═══ PROVIDED DATA
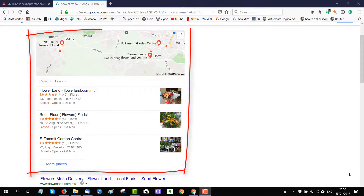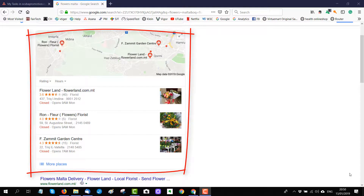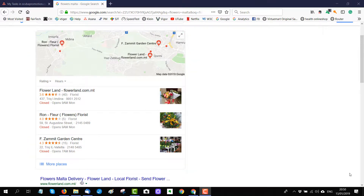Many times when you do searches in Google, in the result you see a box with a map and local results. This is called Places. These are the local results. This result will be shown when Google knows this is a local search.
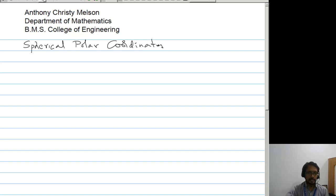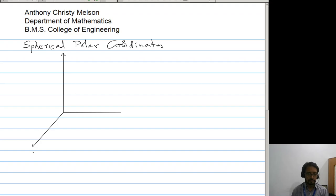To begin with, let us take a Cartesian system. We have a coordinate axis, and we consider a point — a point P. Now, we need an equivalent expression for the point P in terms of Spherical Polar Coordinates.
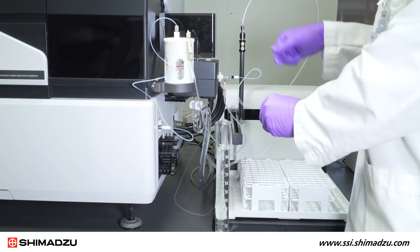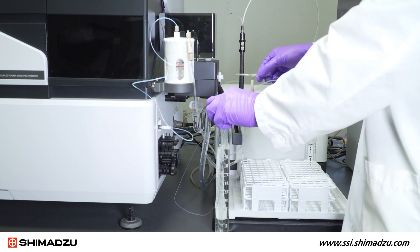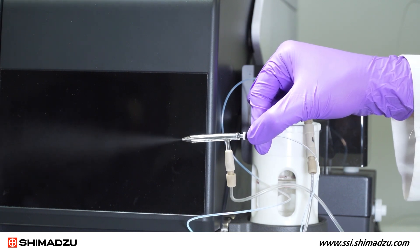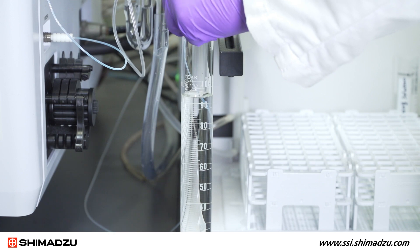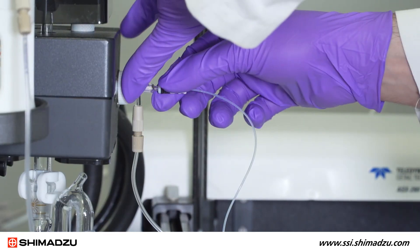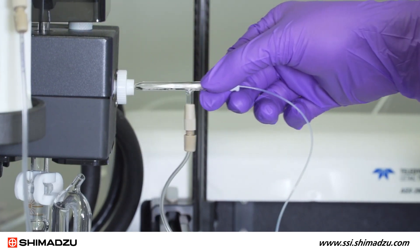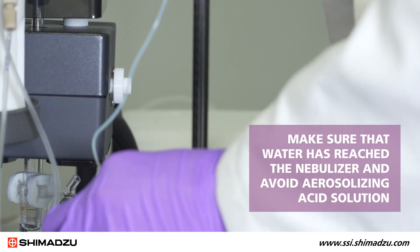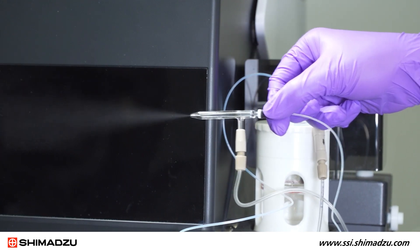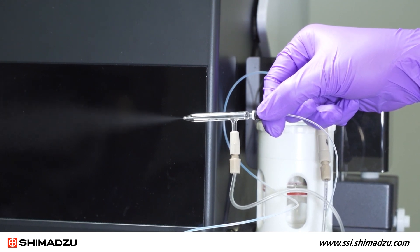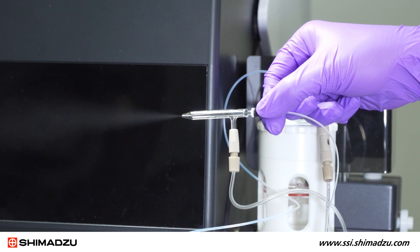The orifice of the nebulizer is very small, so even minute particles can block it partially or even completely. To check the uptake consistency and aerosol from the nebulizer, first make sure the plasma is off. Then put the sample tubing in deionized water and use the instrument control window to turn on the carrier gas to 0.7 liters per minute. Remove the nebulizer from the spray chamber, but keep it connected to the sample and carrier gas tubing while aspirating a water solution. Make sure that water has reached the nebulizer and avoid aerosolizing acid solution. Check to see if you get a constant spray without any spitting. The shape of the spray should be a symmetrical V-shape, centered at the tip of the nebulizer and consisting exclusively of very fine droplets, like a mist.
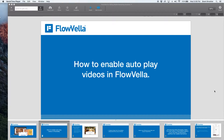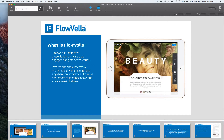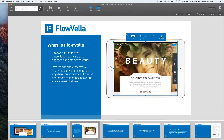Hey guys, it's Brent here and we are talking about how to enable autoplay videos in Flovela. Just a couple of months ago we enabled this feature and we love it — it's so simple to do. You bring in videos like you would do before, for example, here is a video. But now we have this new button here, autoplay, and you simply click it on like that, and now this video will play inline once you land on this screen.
══════
TASK STATEMENT:
Once the line holding "To begin with, let" is found, copy it and each later line exactly through the end of the data, leaving out the pictures.

SOLUTION FOR THIS EXERCISE:
To begin with, let us take a Cartesian system. We have a coordinate axis, and we consider a point — a point P. Now, we need an equivalent expression for the point P in terms of Spherical Polar Coordinates.
The orifice of the nebulizer is very small, so even minute particles can block it partially or even completely. To check the uptake consistency and aerosol from the nebulizer, first make sure the plasma is off. Then put the sample tubing in deionized water and use the instrument control window to turn on the carrier gas to 0.7 liters per minute. Remove the nebulizer from the spray chamber, but keep it connected to the sample and carrier gas tubing while aspirating a water solution. Make sure that water has reached the nebulizer and avoid aerosolizing acid solution. Check to see if you get a constant spray without any spitting. The shape of the spray should be a symmetrical V-shape, centered at the tip of the nebulizer and consisting exclusively of very fine droplets, like a mist.
Hey guys, it's Brent here and we are talking about how to enable autoplay videos in Flovela. Just a couple of months ago we enabled this feature and we love it — it's so simple to do. You bring in videos like you would do before, for example, here is a video. But now we have this new button here, autoplay, and you simply click it on like that, and now this video will play inline once you land on this screen.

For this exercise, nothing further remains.